Wednesday, May 24, 2023
The Buffalo News ran an article the other day about the system New York uses to select judges for our highest court. The piece was mildly critical: the implication was that the members of the Commission on Judicial Appointments are lawyers who appear before the Court, and that the process isn't particularly transparent. Outside Counsel has frequently posted about judicial selection, so I quickly wrote 1,500 words for a My View column- then cut it to 645 words when I realized that I'd written something twice as long as the News would accept. I don't know if the paper will run the piece, but here it is:
The proper method for selecting judges has been wrestled with by scholars, lawyers and the drafters of the Constitution since at least the founding of the Republic. A recent article in the Buffalo News by Chris Bragg (“The insular process of picking New York’s top judges”, May 22, 2023) cast a light on the way our Court of Appeals judges are appointed, which is valuable. Regrettably the article implied that the merit selection process is tainted because the members of the State Commission on Judicial Appointments, which makes the list of recommendations from which the governor selects nominees is made up of attorneys who appear before our highest court. This is unfair. There is no perfect system for judicial selection, but this process has an established record of selecting candidates that is non-partisan, merit based, and effective.
It is true that the lawyers who are appointed to this panel may argue before the Court; it is also true that there is probably no better qualification for evaluating a judicial candidate than to be a lawyer who understands what the Court does and how it does it.

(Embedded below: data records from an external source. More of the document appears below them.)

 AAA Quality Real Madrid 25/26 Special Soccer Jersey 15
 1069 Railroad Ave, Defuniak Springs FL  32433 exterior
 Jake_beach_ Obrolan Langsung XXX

The complaint in the News’ article is apparently that the system lacks transparency, but that is not entirely true, accurate, or fair. The list of candidates that the Commission sends to the governor is public. Sometimes multiple vacancies occur, and sometimes there are serial vacancies, and not all prospective nominees apply for every opening, so we can’t read anything into the fact that sometimes someone doesn’t show up on a particular list. The qualifications of the candidates that make the lists are obvious to anyone who follows this process.

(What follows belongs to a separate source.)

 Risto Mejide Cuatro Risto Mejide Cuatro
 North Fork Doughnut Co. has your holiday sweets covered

For the most part- and particularly at the appellate level- a judge's job is to make rulings on the law, rather than to respond to popular opinion about what a ruling should be. You want someone to respond to popular opinion? That's what the other two branches of the government are all about. Judges aren't supposed to make the popular decisions-- they are supposed to make the correct decisions, based on the law, regardless of whether the decisions they make will be popular. The best judges should be knowledgeable about the law- that’s the baseline. They should also bring a sense of fairness and proportionality to their reasoning as well as a finely tuned temperament and intellectual curiosity. It should also be mentioned that the Commission’s merit selection process is only part of how Court of Appeals judges are appointed. After the Commission promulgates its list the governor reviews it, and the Judiciary Committee conducts a hearing, and the State Senate votes. As we have just witnessed these are not pro forma steps. The fact that a prospective nominee was just rejected tells us that everyone takes their role seriously, and the fact that this sort of rejection is rare tells us that the Commission has historically done its job well.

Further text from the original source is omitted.